Today’s Bond Market Decline is Not the End of the Great Recession
Posted by Don Martin on Tue, Dec 21, 2010 @ 02:06 PM
originally published December 7, 2010 by Don Martin.
The Long Term Treasury ETF TLT declined 2.14% today because last night a “tax cut” (in reality an extension of a 9 year old tax law, and thus not a cut) will be approved by Congress and the President. There will also be an actual, but temporary, cut in payroll tax rates. One might be tempted to think this will magically cause employment to recover thus igniting inflation and killing the bond market. However, the big picture is that increasingly both China and the Euro zone are looking like a bubble that will (or already has) burst. Also, according to Barron’s two-thirds of the U.S. homes that need to go through the foreclosure process have not yet completed that. With the huge amount of excess debt that Americans need to pay off plus problems in Europe and future problems in China where will growth (which would hurt bond prices) come from?
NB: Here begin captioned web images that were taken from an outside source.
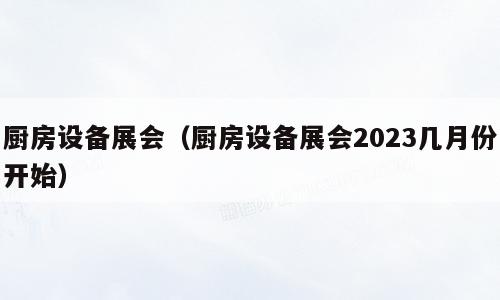 厨房设备展会（厨房设备展会2023几月份开始）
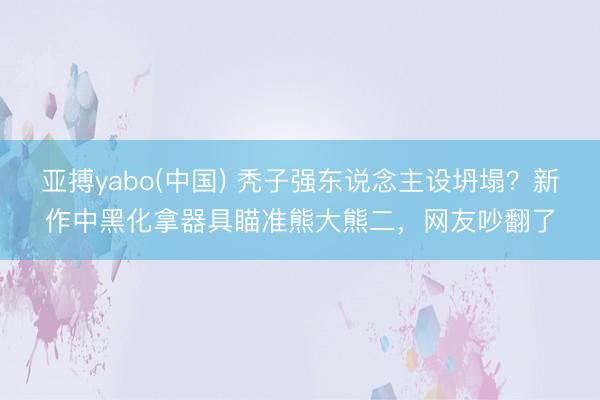 亚搏yabo(中国) 秃子强东说念主设坍塌？新作中黑化拿器具瞄准熊大熊二，网友吵翻了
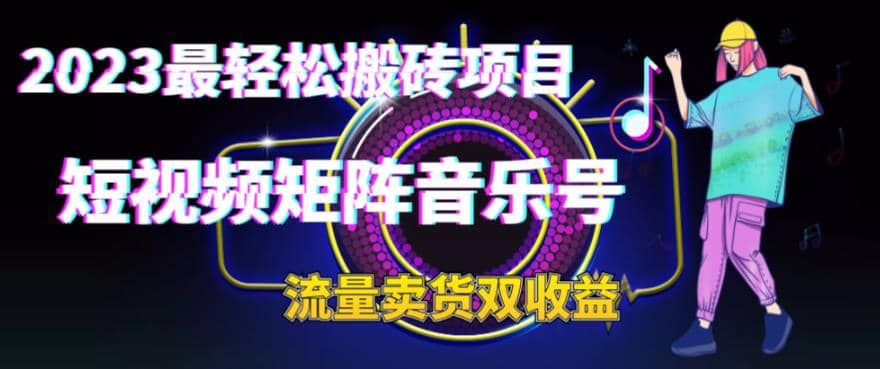 2023最轻松搬砖项目，短视频矩阵音乐号流量收益+卖货收益创富副业网-网创项目资源站-副业项目-创业项目-搞钱项目创富副业网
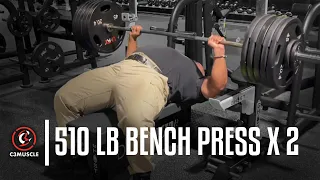 510 lb Bench Press x 2 | @C3Muscle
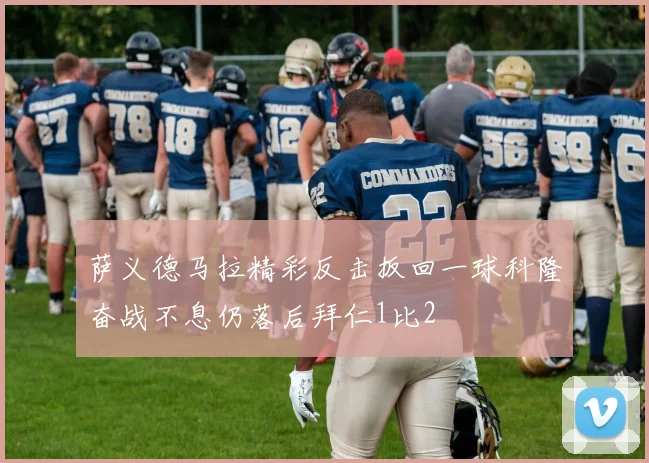 萨义德马拉精彩反击扳回一球科隆奋战不息仍落后拜仁1比2
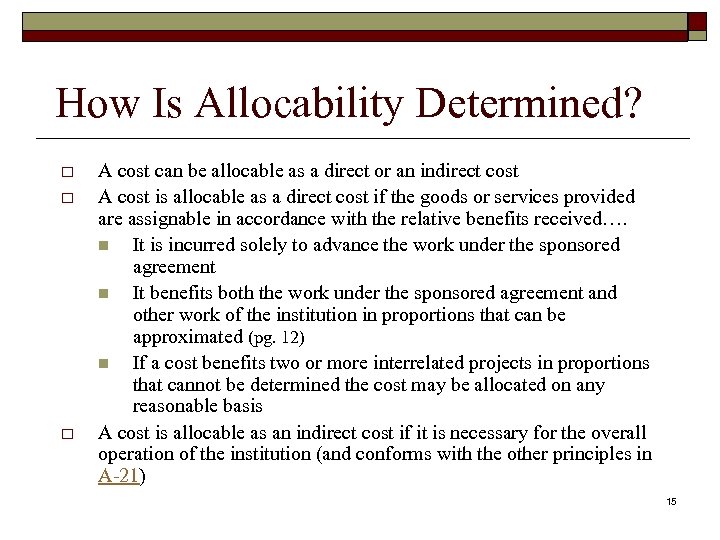How Is Allocability Determined? o o o A cost can be allocable as a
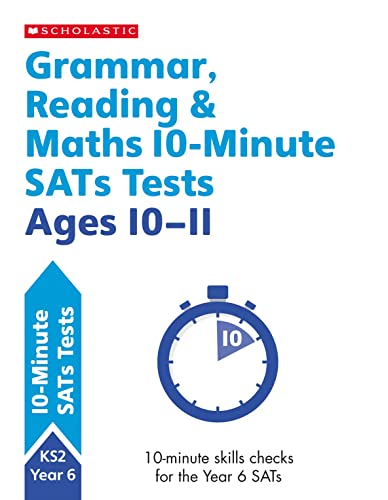 Quick test grammar, reading and maths activities for children ages 10-11 (Year 6). Perfect for Home Learning. (10 Minute SATs Tests)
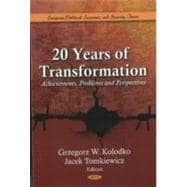 20 years of Transformation : Achievements, Problems and Perspectives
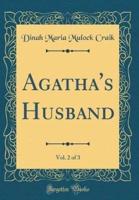Agatha's Husband, Vol. 2 of 3 (Classic Reprint)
According to a Dec. 6, 2010 article by Ambrose Evans-Pritchard in www.telegraph.co.uk China has had a 40% increase in its money supply last year which would require monetary tightening. This may cause a hard landing with big falls in commodity prices, EM bonds, EM stock, and Asian growth rates. Homes in China are selling for 20 times income; in Tokyo it is 8x, in U.S. 4.7 x.
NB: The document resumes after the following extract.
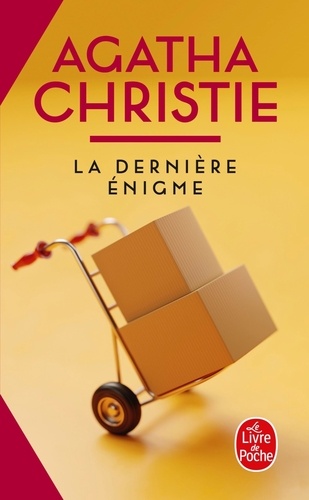 Agatha Christie - La dernière énigme.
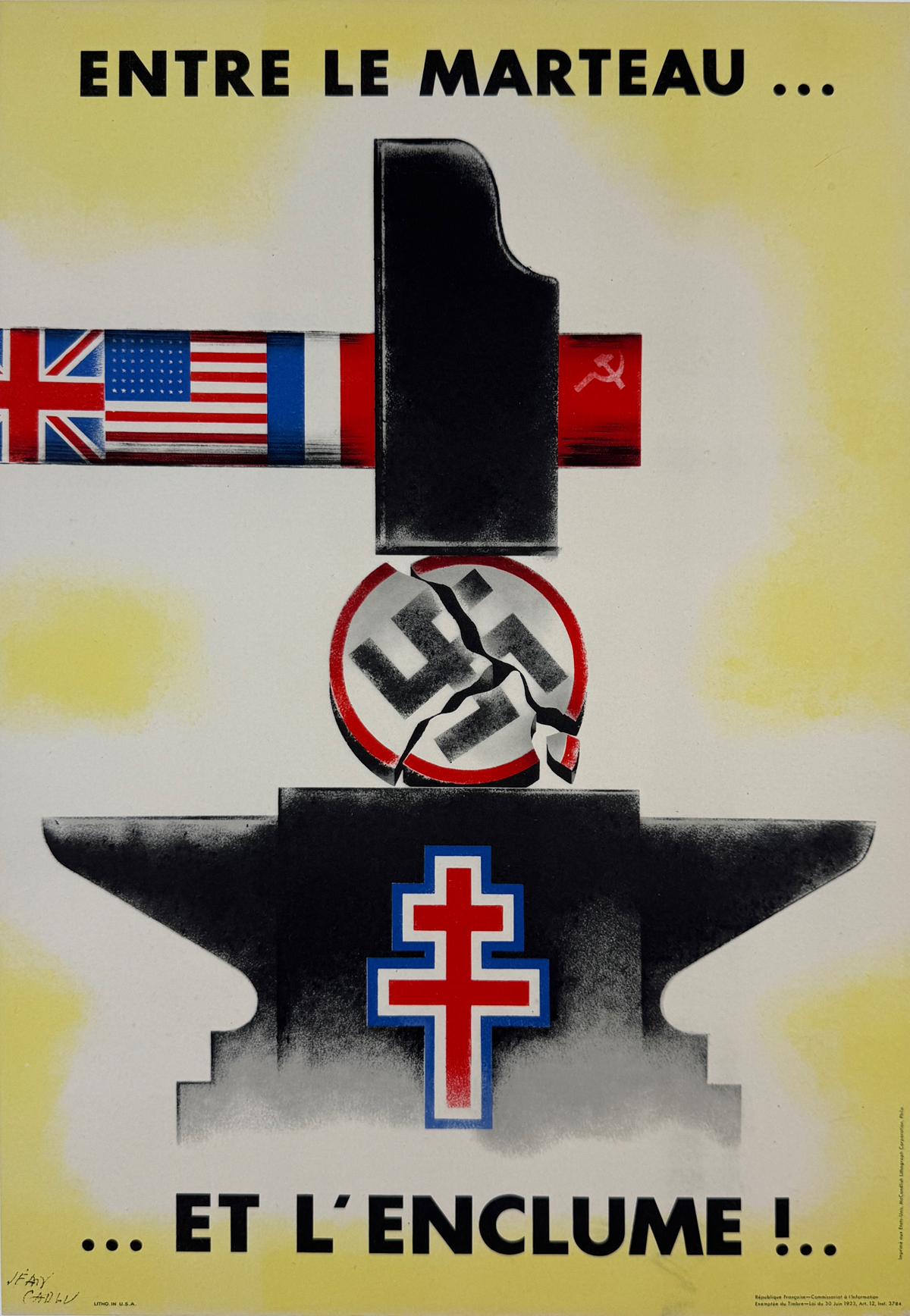 Entre Le Marteau ... Et L Enclume Poster By Jean Carlu Original 1944 Vintage American Propaganda Advertisement Linen Backed.  French expression for "between the devil and the deep blue sea".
The Euro area does not have enough money to bail out its weaker members. Do you think Germany with 85 million people is rich enough to bail out all of the non-British EU part of Europe with 440 million people?
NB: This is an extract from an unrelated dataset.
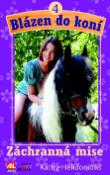 Kniha: Blázen do koní 4 - Záchranná mise - Kathy Helidoniotis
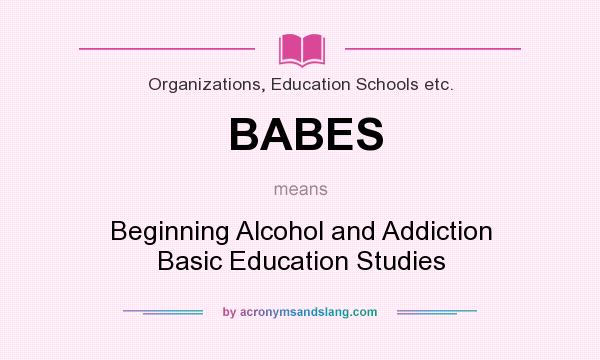What does BABES mean? It stands for Beginning Alcohol and Addiction Basic Education Studies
So where is the growth and demand that will make the economy recover (which would thus hurt bond prices)? I think today’s drop in bond prices was a one day panic which may have been exacerbated by a sell-off in Muni bonds. Because new issues of Buy America Bonds won’t be allowed next month municipalities are now in a rush to issue (sell) more bonds this month; this selling makes prices go down because there is too much supply, which in turn can affect Treasury prices.